### Instructions to follow
Reproduce all the entries exactly.

### Source material

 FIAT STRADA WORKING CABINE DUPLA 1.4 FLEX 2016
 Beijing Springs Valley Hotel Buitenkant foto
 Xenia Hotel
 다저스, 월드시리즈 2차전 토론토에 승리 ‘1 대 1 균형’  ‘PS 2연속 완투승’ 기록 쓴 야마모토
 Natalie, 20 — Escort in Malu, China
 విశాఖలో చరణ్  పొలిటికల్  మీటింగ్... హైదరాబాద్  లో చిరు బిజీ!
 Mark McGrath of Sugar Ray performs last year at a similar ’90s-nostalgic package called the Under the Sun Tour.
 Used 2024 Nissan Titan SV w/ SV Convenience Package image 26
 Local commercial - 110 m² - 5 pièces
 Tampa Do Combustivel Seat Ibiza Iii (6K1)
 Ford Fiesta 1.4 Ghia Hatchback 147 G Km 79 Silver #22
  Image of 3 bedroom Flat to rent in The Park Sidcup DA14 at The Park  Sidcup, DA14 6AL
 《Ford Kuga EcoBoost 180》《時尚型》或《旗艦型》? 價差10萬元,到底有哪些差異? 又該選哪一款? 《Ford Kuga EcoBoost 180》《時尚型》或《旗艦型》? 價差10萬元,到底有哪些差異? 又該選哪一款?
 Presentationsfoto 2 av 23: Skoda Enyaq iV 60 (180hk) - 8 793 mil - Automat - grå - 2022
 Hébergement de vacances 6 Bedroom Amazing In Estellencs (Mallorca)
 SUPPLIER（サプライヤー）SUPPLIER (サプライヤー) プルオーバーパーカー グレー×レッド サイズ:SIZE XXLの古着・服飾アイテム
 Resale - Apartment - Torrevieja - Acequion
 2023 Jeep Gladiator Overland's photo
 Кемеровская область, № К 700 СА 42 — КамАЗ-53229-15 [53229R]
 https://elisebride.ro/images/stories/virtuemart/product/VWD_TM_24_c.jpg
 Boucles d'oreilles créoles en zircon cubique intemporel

### Task response
 FIAT STRADA WORKING CABINE DUPLA 1.4 FLEX 2016
 Beijing Springs Valley Hotel Buitenkant foto
 Xenia Hotel
 다저스, 월드시리즈 2차전 토론토에 승리 ‘1 대 1 균형’  ‘PS 2연속 완투승’ 기록 쓴 야마모토
 Natalie, 20 — Escort in Malu, China
 విశాఖలో చరణ్  పొలిటికల్  మీటింగ్... హైదరాబాద్  లో చిరు బిజీ!
 Mark McGrath of Sugar Ray performs last year at a similar ’90s-nostalgic package called the Under the Sun Tour.
 Used 2024 Nissan Titan SV w/ SV Convenience Package image 26
 Local commercial - 110 m² - 5 pièces
 Tampa Do Combustivel Seat Ibiza Iii (6K1)
 Ford Fiesta 1.4 Ghia Hatchback 147 G Km 79 Silver #22
  Image of 3 bedroom Flat to rent in The Park Sidcup DA14 at The Park  Sidcup, DA14 6AL
 《Ford Kuga EcoBoost 180》《時尚型》或《旗艦型》? 價差10萬元,到底有哪些差異? 又該選哪一款? 《Ford Kuga EcoBoost 180》《時尚型》或《旗艦型》? 價差10萬元,到底有哪些差異? 又該選哪一款?
 Presentationsfoto 2 av 23: Skoda Enyaq iV 60 (180hk) - 8 793 mil - Automat - grå - 2022
 Hébergement de vacances 6 Bedroom Amazing In Estellencs (Mallorca)
 SUPPLIER（サプライヤー）SUPPLIER (サプライヤー) プルオーバーパーカー グレー×レッド サイズ:SIZE XXLの古着・服飾アイテム
 Resale - Apartment - Torrevieja - Acequion
 2023 Jeep Gladiator Overland's photo
 Кемеровская область, № К 700 СА 42 — КамАЗ-53229-15 [53229R]
 https://elisebride.ro/images/stories/virtuemart/product/VWD_TM_24_c.jpg
 Boucles d'oreilles créoles en zircon cubique intemporel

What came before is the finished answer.